Exercise prompt. Begin at the line below that holds "2888 Shadow Brook" and end at the line that holds "Della Window Air Conditioner Unit", transcribing each line exactly and skipping any picture.

Exercise material.

------------

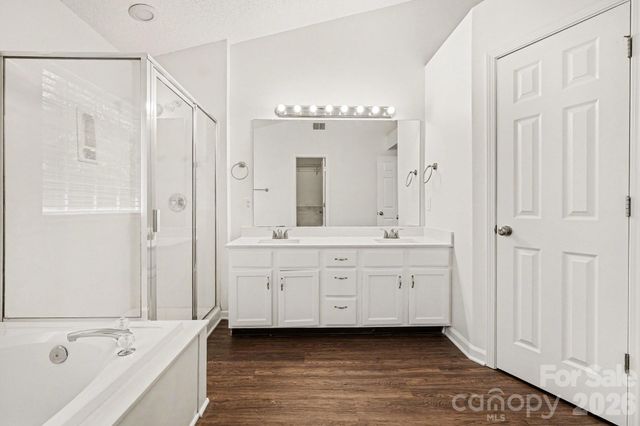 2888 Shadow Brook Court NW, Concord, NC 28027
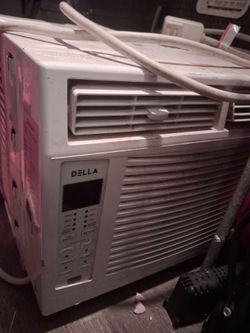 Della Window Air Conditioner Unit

------------

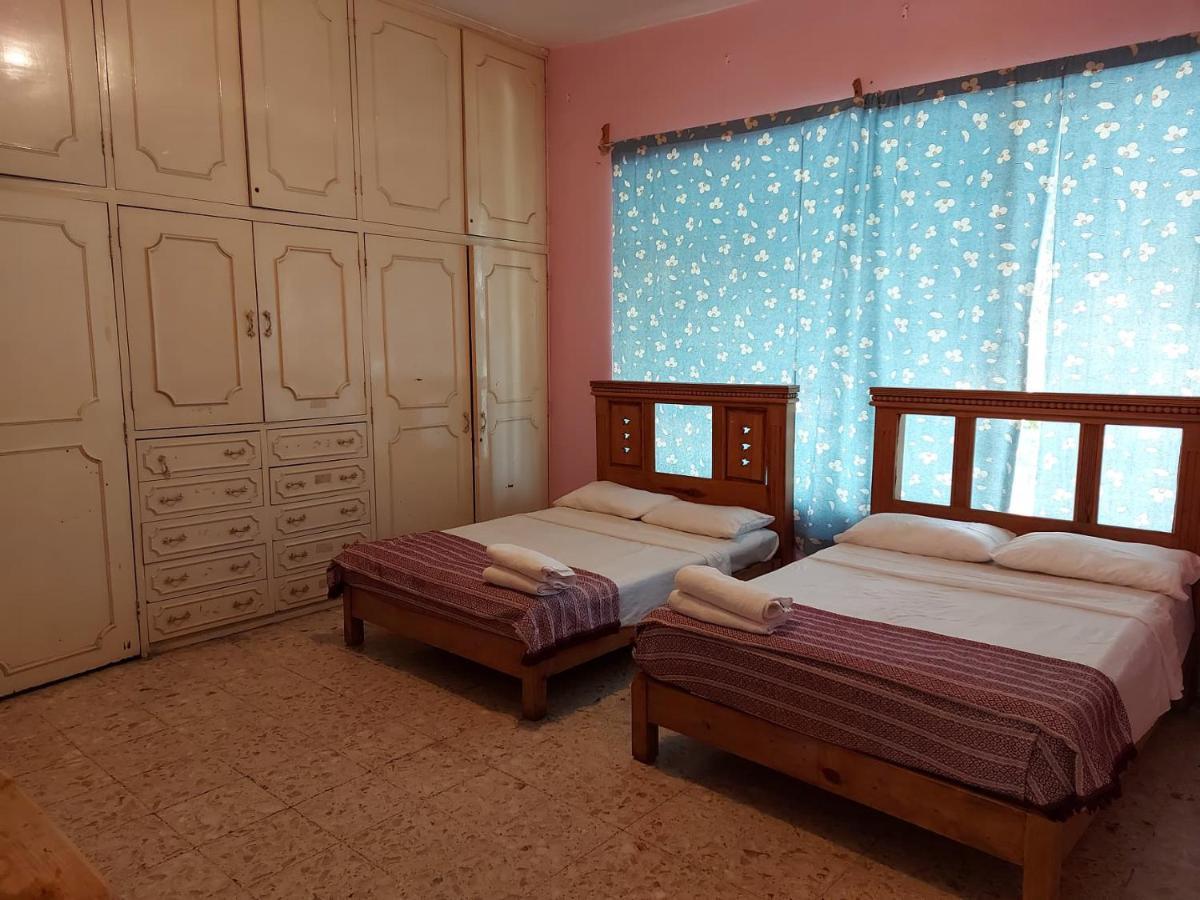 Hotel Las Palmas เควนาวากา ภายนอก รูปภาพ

------------

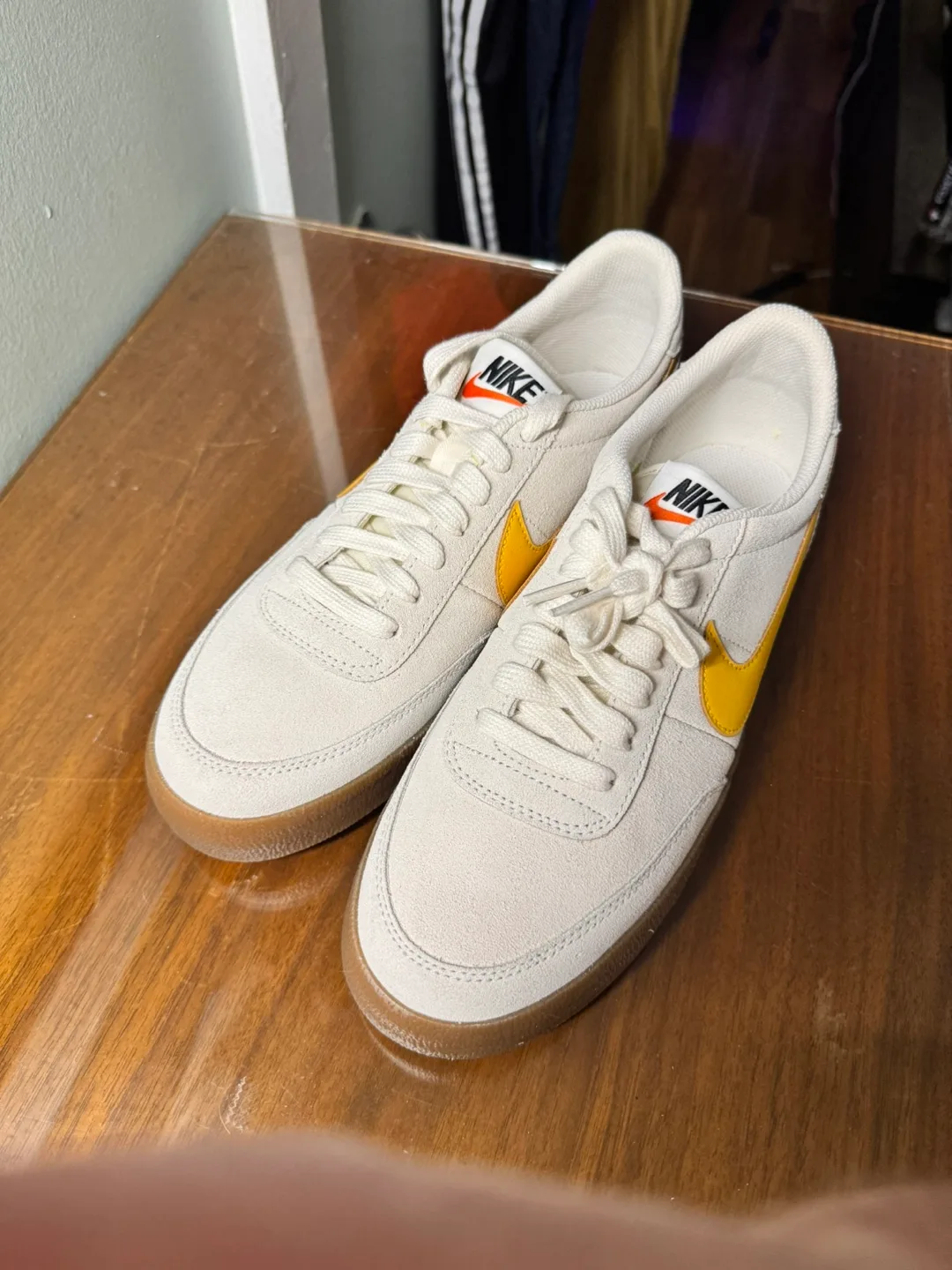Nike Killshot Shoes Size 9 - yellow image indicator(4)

------------

Output.
 2888 Shadow Brook Court NW, Concord, NC 28027
 Della Window Air Conditioner Unit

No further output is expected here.